TASK STATEMENT: In the entries below, which lines run from the one with "1440 daily digest" through the one with "Biểu đồ thống kê kết quả xổ số miền Bắc"? Repeat exactly those, both included, and no pictures.
** Opening WORKING DATA block **
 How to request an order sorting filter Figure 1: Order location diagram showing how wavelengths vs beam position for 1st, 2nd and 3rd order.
** Closing WORKING DATA block **
** Opening WORKING DATA block **
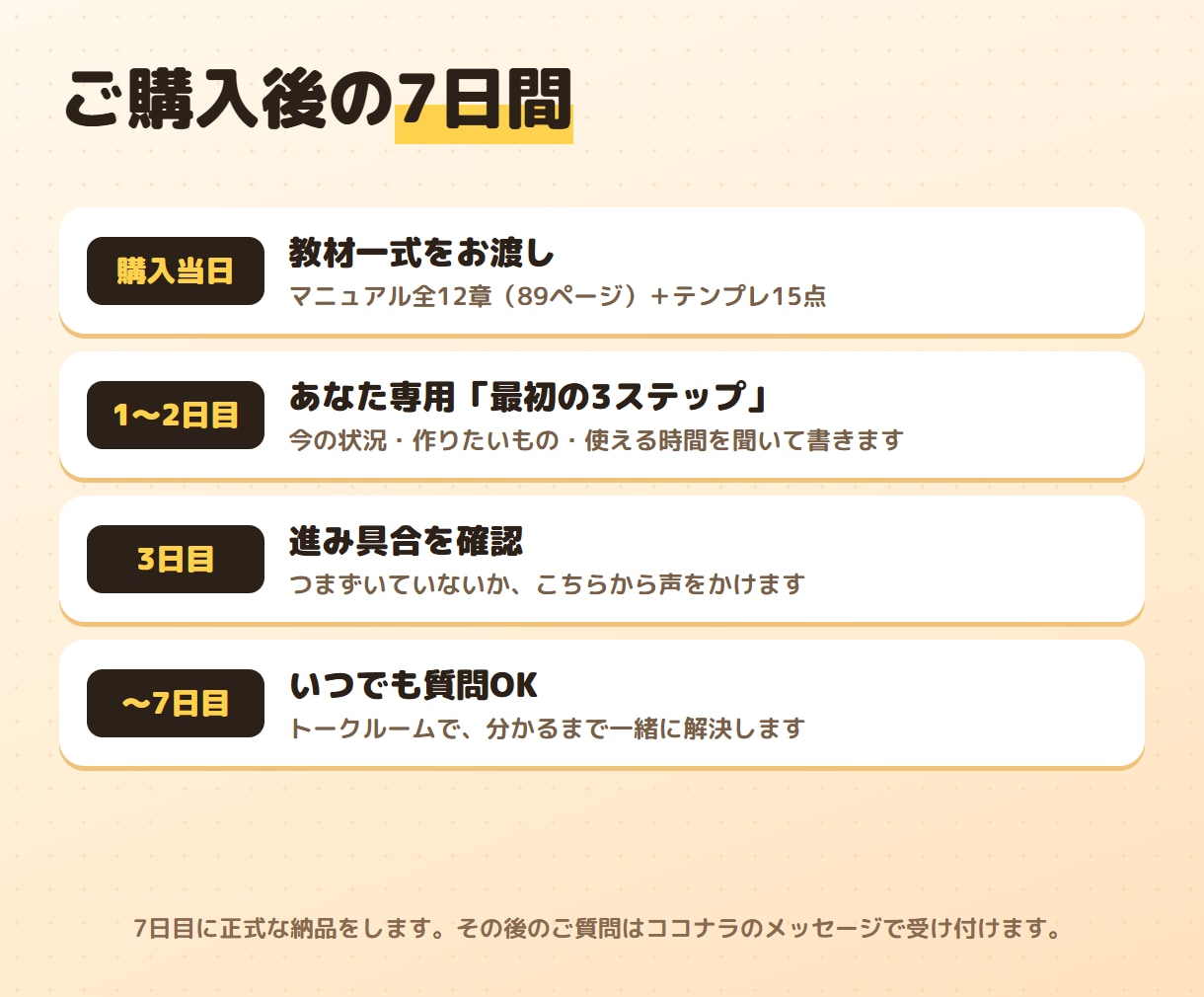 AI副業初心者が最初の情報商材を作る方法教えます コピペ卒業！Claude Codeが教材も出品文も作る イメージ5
** Closing WORKING DATA block **
** Opening WORKING DATA block **
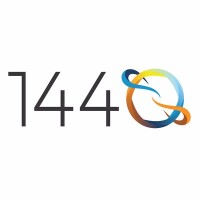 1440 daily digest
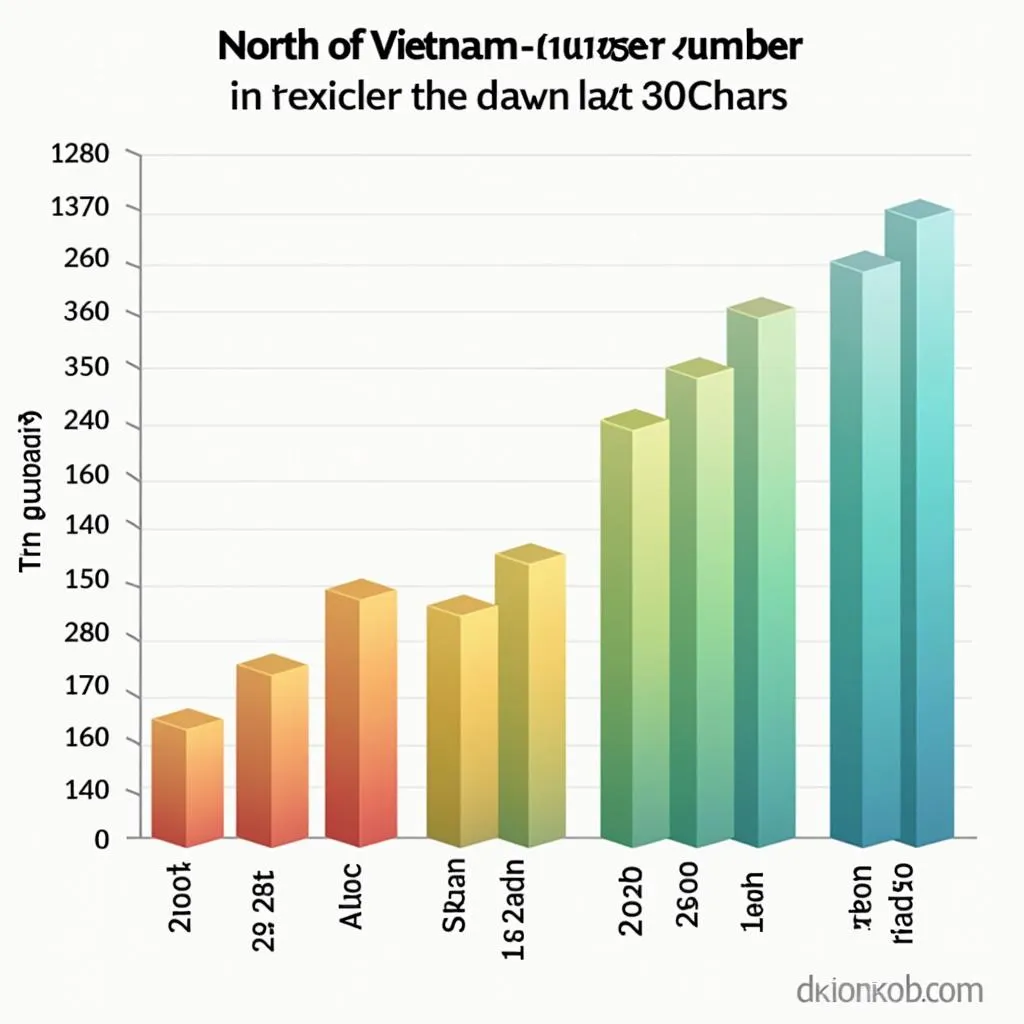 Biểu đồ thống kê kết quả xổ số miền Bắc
** Closing WORKING DATA block **
YOUR RESPONSE:
 1440 daily digest
 Biểu đồ thống kê kết quả xổ số miền Bắc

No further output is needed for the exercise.